Activity →
When copying the data below, keep only the lines from the one with "4/6/8/10/12 Beams High" through the one with "Ulla Popken Shirt", word for word, and skip the pictures.

Extracted material →
★ ★ ★ ★
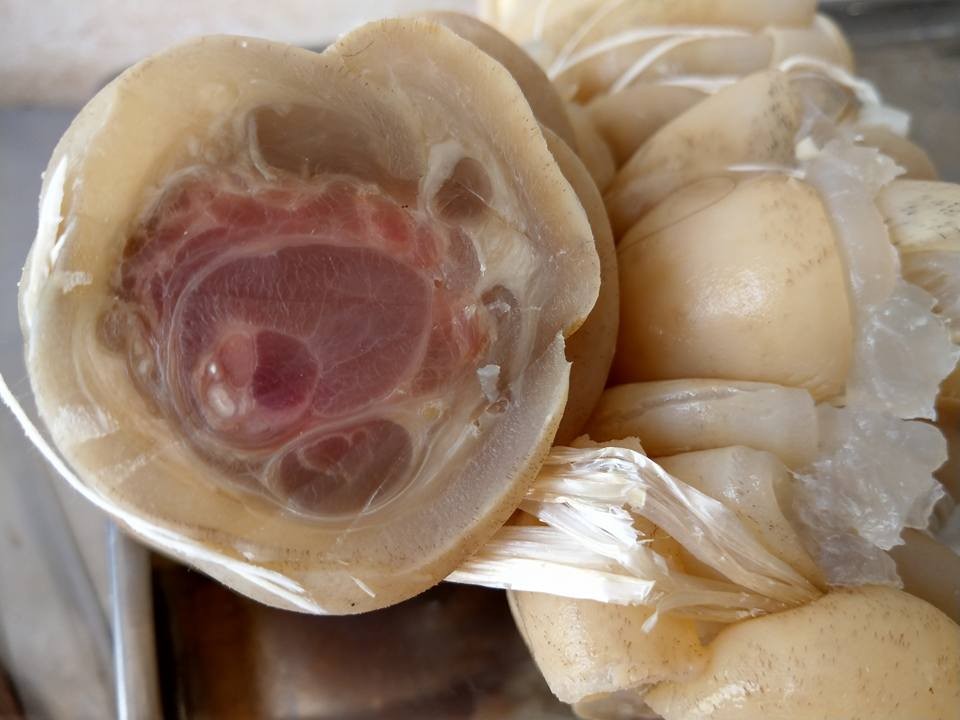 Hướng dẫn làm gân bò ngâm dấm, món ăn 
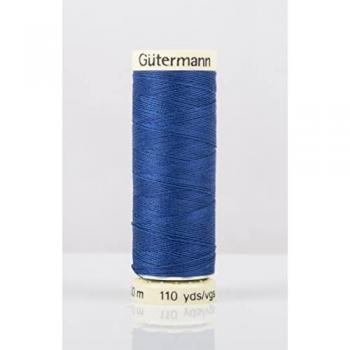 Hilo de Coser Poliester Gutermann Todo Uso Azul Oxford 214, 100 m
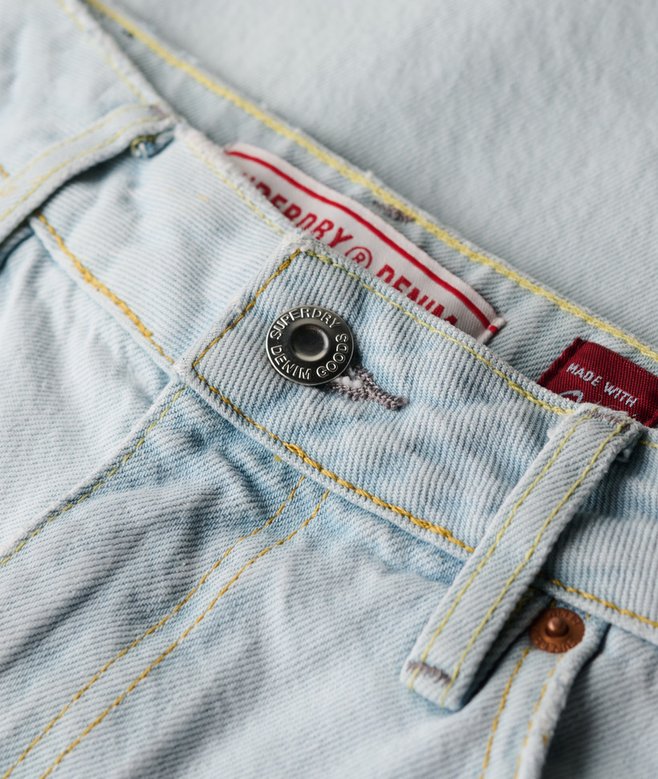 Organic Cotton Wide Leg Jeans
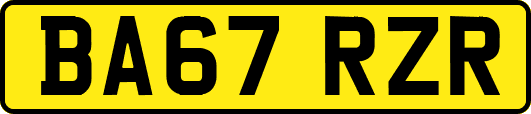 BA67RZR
★ ★ ★ ★
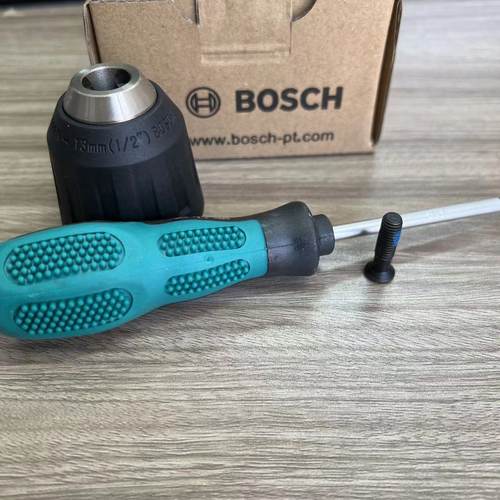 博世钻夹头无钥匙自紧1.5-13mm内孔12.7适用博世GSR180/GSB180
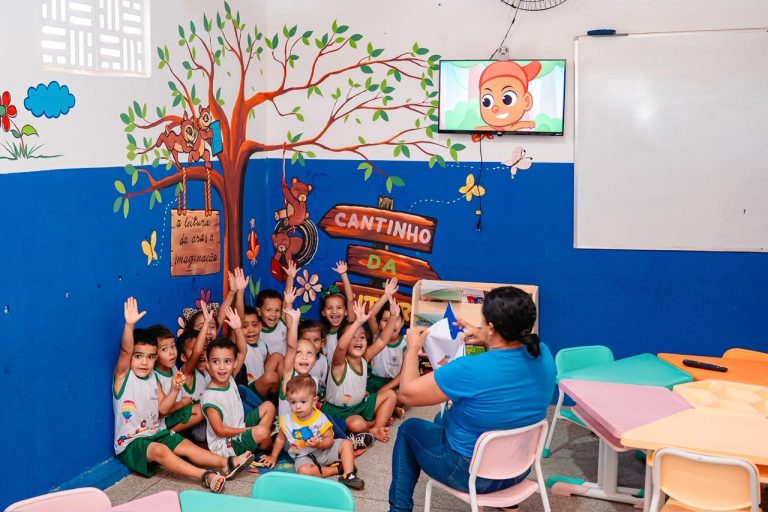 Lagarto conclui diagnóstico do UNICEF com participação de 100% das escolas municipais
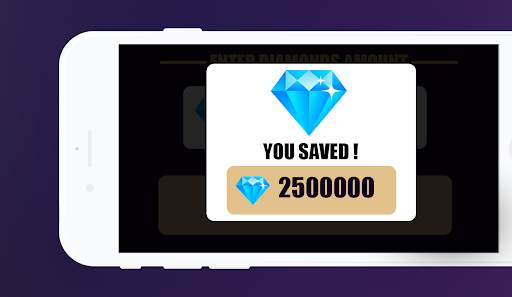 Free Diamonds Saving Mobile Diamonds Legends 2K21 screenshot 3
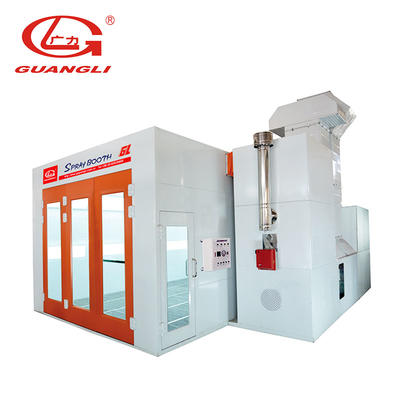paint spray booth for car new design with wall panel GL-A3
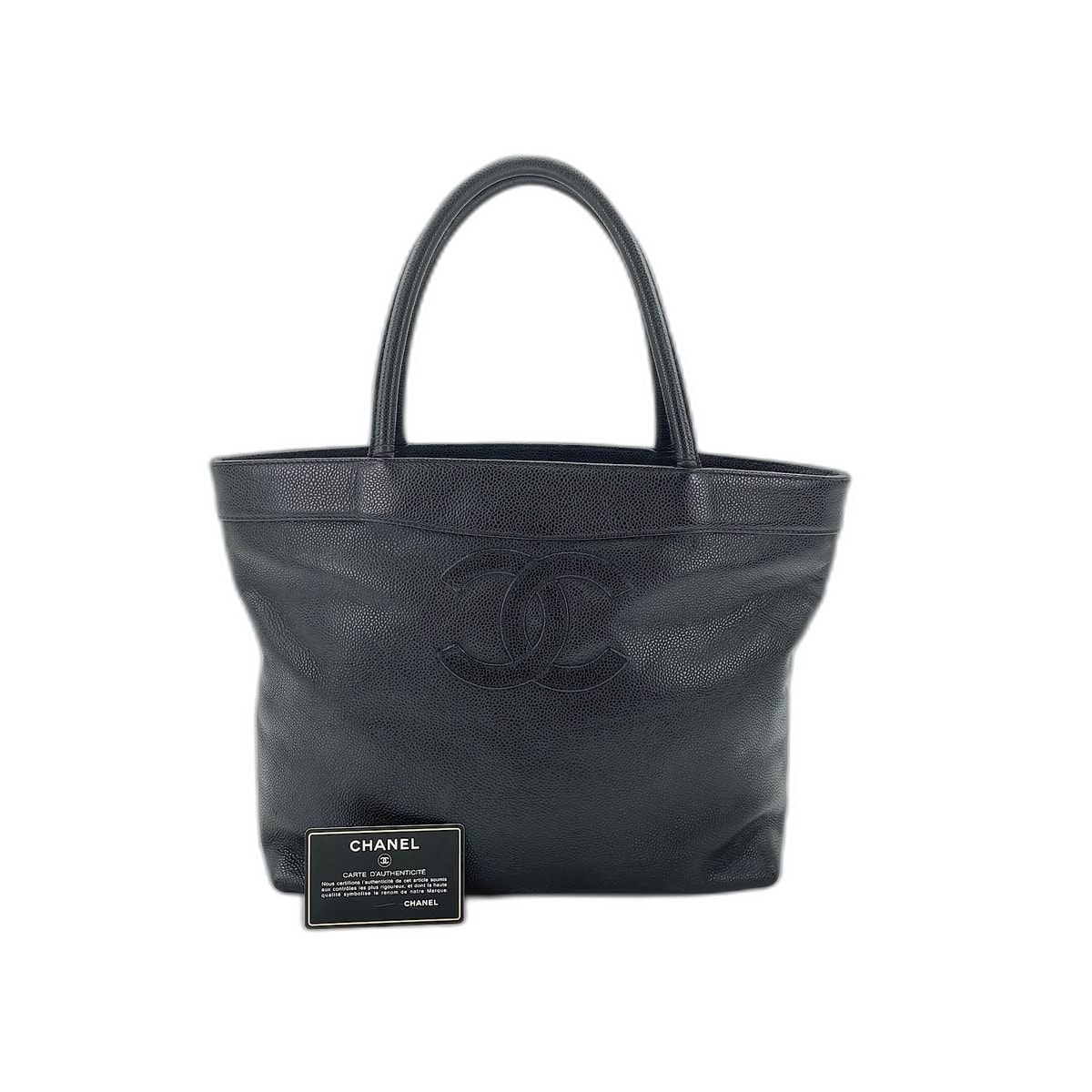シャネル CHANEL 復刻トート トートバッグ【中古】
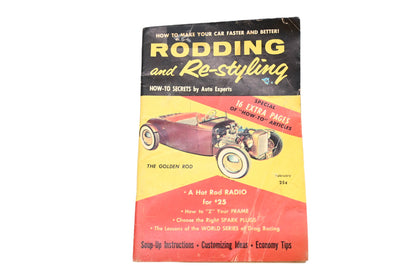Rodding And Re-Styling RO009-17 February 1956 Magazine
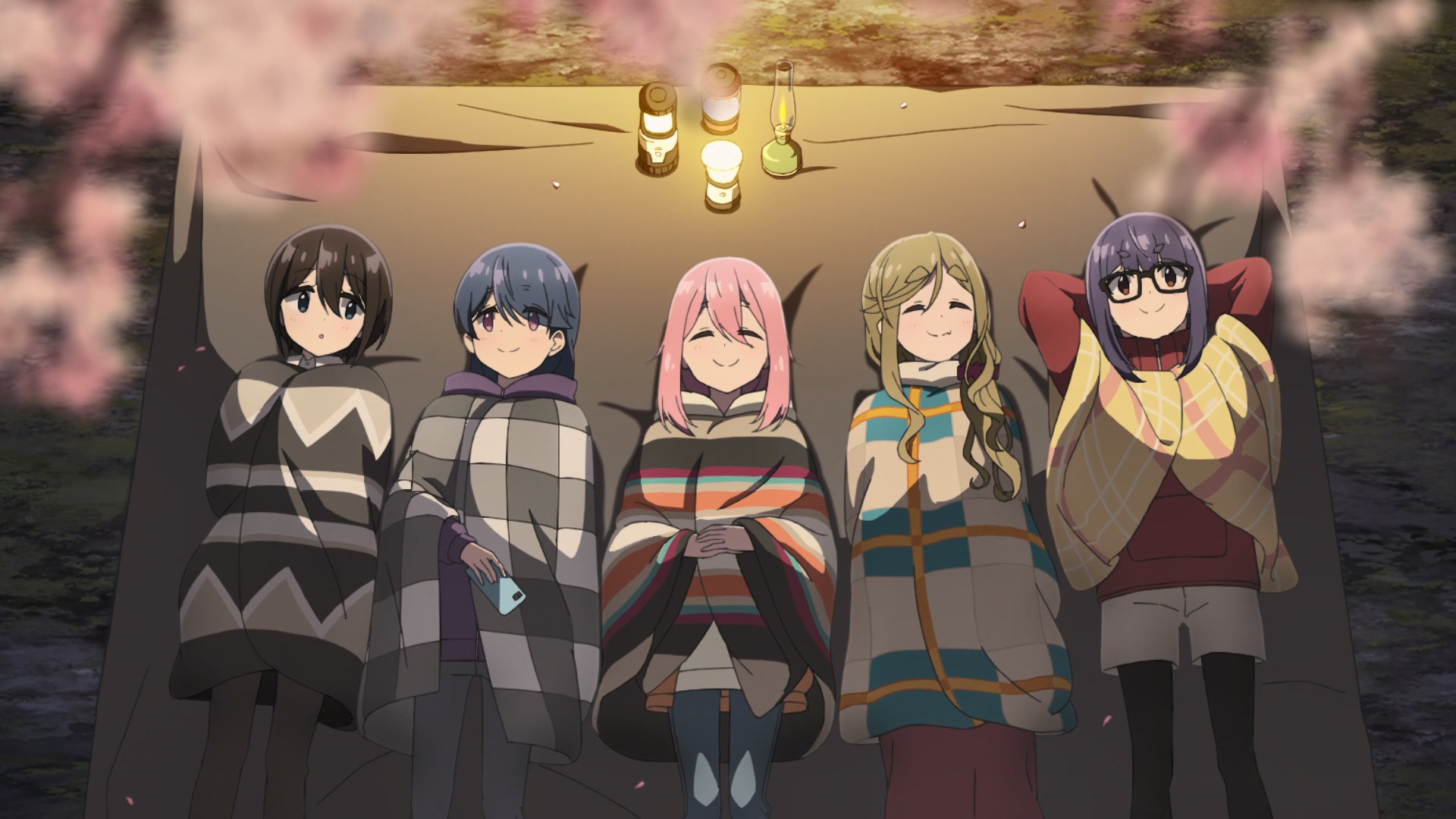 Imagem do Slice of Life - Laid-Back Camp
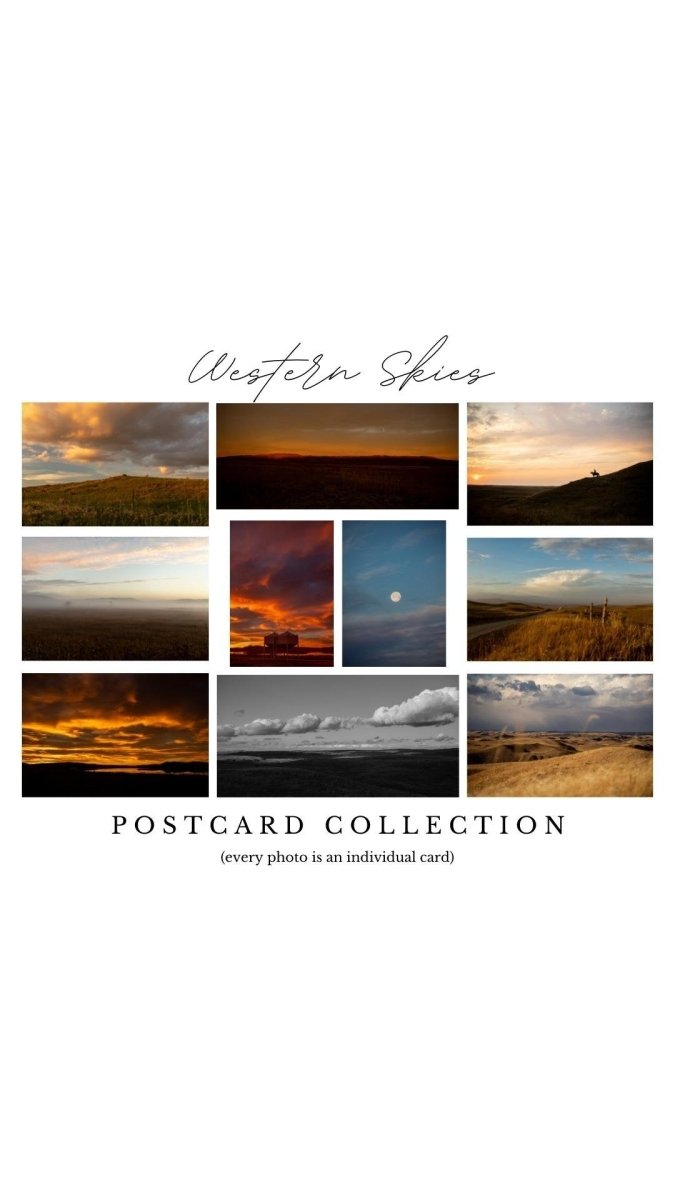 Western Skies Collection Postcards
★ ★ ★ ★
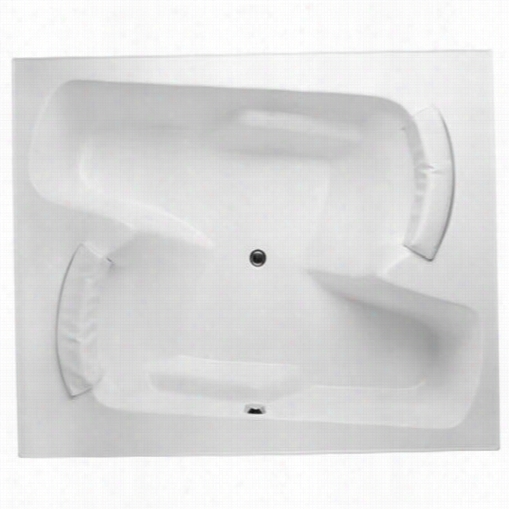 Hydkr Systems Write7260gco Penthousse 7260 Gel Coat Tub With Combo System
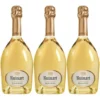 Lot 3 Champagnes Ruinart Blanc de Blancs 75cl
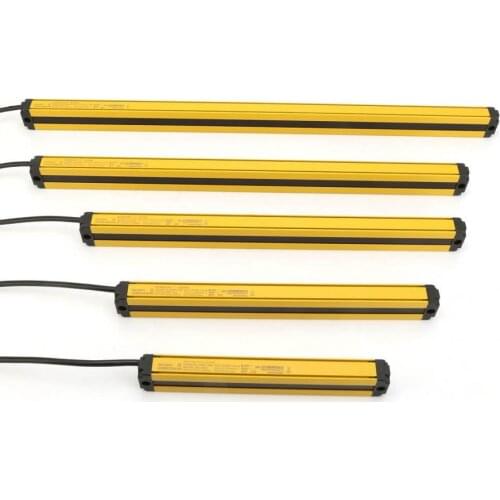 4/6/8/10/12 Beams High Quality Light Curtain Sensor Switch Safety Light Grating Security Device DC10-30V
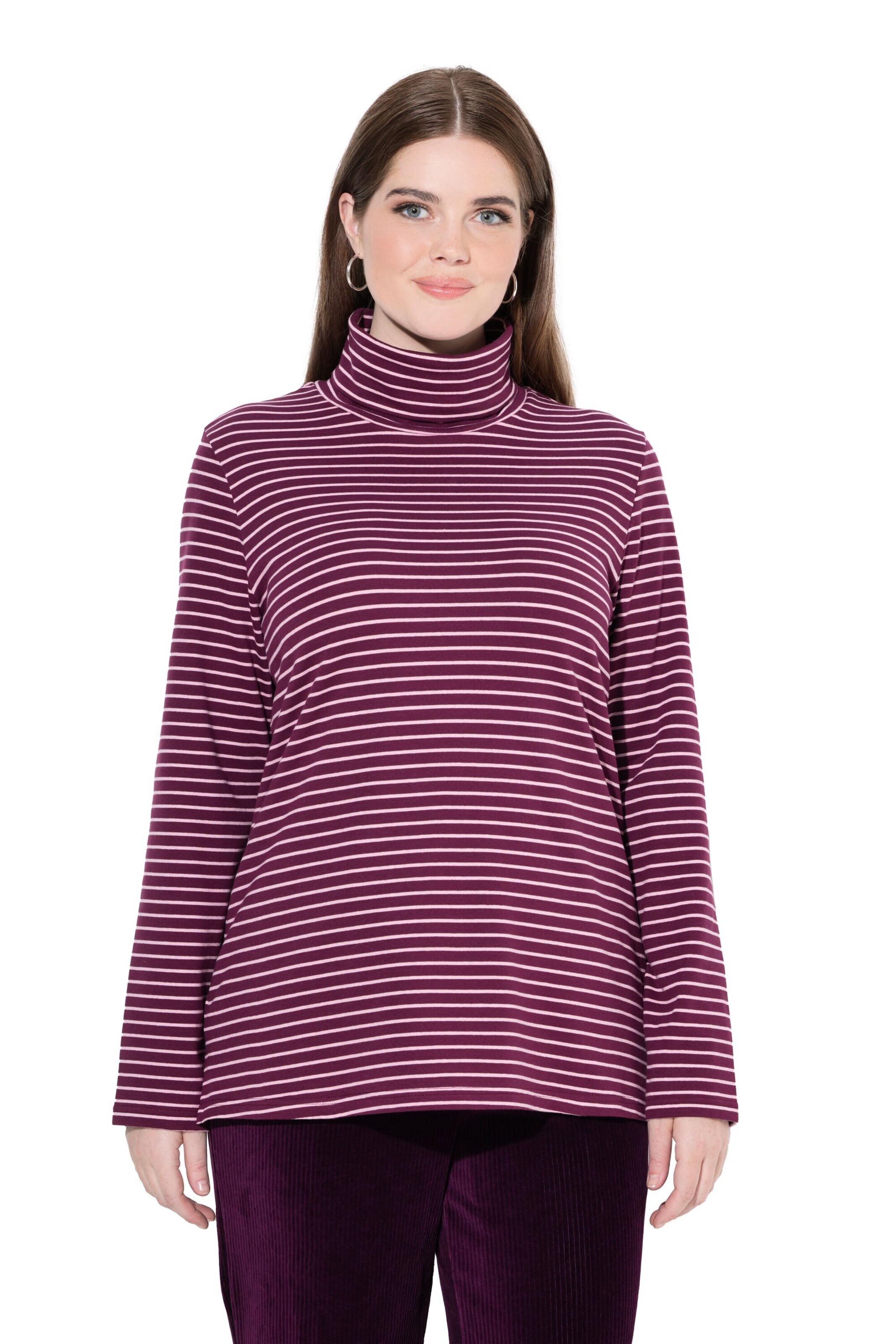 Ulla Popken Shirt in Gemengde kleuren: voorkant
★ ★ ★ ★
Result →
 4/6/8/10/12 Beams High Quality Light Curtain Sensor Switch Safety Light Grating Security Device DC10-30V
 Ulla Popken Shirt in Gemengde kleuren: voorkant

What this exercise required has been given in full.